Dangers inherent in standardised assessment of learning outcomes

published 12 March 2013 updated 22 March 2013

The international assessment of student learning outcomes in higher education is wrought with difficulties and problems, EI has told anOrganisation for Economic Cooperation and Development (OECD) conference held from 11-12 March in Paris, France. The event’s theme was Measuring Learning Outcomes in Higher Education: Lessons Learnt from the Assessment of Higher Education Learning Outcomes (AHELO) Feasibility Study and Next Steps.

The OECD’s proposed AHELO is intended to test students’ generic and discipline-specific skills in order to “provide member governments with a powerful instrument to judge the effectiveness and international competitiveness of their higher education institutions”.

AHELO could be counter-productive

But EI warns that AHELO could easily be used in ways that prevent improvements in education.

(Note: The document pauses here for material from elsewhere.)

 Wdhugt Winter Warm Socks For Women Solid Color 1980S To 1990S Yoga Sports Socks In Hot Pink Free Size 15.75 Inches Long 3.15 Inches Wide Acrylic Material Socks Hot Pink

“At an extreme, a standardisation of learning outcomes threatens to disrupt the inherent ambiguity, fluidity, uncertainty and even discomfort that characterise the educational journey,” said EI’s consultant on higher education issues, David Robinson. “If we are to advance understanding and to transform students from consumers to producers of knowledge, then higher education teaching and research must be allowed to evolve in directions that are not predictable.”

Participating in a panel discussion on the views of stakeholders, Robinson cautioned against AHELO being turned into a simplistic ranking or accountability tool to be used by governments to punish or reward institutions.

He reminded the panel participants that Drew Faust, President of Harvard, had noted at her installation address in 2007 that “a university is not about results in the next quarter; it is not even about who a student has become by graduation. It is about learning that moulds a lifetime.”

One-size-fits-all approach not ideal

AHELO poses particular challenges for countries outside the OECD where higher education staff are concerned that a one-size-fits-all approach to learning outcome assessments, that originates largely from the Euro-American world, could undervalue local knowledge, Robinson stated.

“The work of noted American paleontologist and evolutionary biologist Stephen Jay Gould reminds us that allegedly scientific and neutral efforts to measure complex processes such as human intelligence carry with them certain biases that privilege particular knowledge systems and beliefs,” Robinson explained.

“Assessments and rankings of intelligence, whether based upon crude measures of skull size or more sophisticated quantitative measures of intelligence quotients, were invariably used to show that specific disadvantaged groups —  races, classes, or sexes — are innately inferior and thus deserving of their status. Such are the dangers when we try to convert abstract and complex concepts such as intelligence or learning into a single quantifiable property across diverse groups and contexts.”